Sur le vif - Samedi 06.02.21 - 11.44h
Ce matin, le ciel affiche le jaune sépia des albums de photos de nos parents. Me revient en mémoire l'une d'entre elles, ma mère au sommet du Catogne, 1940 ou 1941. C'était quelques mois avant qu'elle ne tombe dans une vertigineuse crevasse, au glacier d'Orny, sur la route de la Cabane du Trient (1942). Elle en ressortira après des heures d'angoisse, hissée par une corde. Mon père, et le gardien de la Cabane d'Orny, M. Formaz, l'avaient sauvée. Incarcérée dans les glaces, elle avait prié la Vierge, sur son médaillon. Cet épisode lui ôtera pour la vie, contrairement à mon père, le goût de la haute montagne. Dès lors, pour toute ma vie, le goût de la montagne, la passion du travail, c'était mon père ; la nostalgie et les livres, la sensibilité aux mots, c'était ma mère.
Le ciel jaune de Genève donne l'impression de nous inclure vivants dans ce qui sera, un jour, un témoignage du passé : "Tu te souviens du 6 février 2021 ?", un peu comme "Tu te souviens de ce même 6 février, en 1934, à Paris, quand les Ligues ont tenté le coup de force ?", ou encore : "Tu te souviens de la neige de 1985, à Genève ?".

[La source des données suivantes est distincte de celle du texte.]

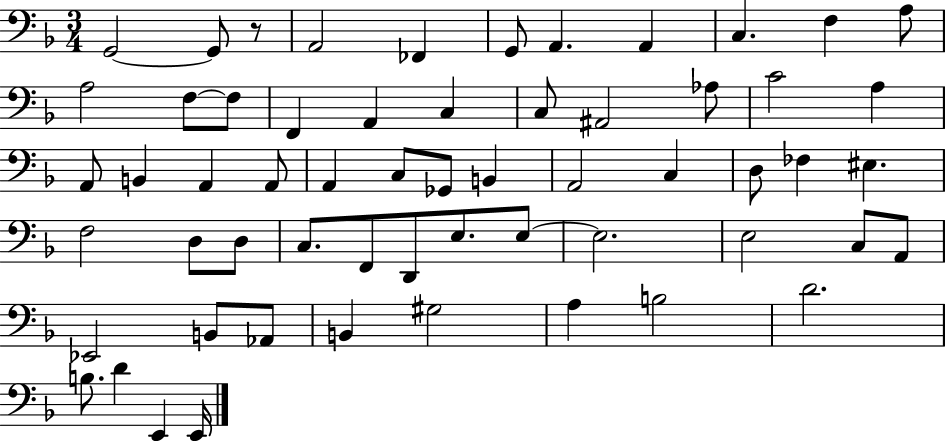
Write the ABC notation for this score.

Le ciel jaune de ce matin restera dans nos mémoires. Je le regarde, il me fait un peu peur, une peur d'enfant face à ces albums de ses parents, années vingt, trente, quarante, Valais, Allemagne, montagne, familles nombreuses réunies dans les fêtes, mariages, baptêmes, grillades de famille sur les bords du Trient ou dans le Val Ferret. Et puis, mes quatre grands-parents, qui hélas me furent tous inconnus : Maurice Rausis meurt en 1925 (à 33 ans), Emma en 1959 (je n'avais que quelques mois), Emile Décaillet en 1941, Marie en 1951.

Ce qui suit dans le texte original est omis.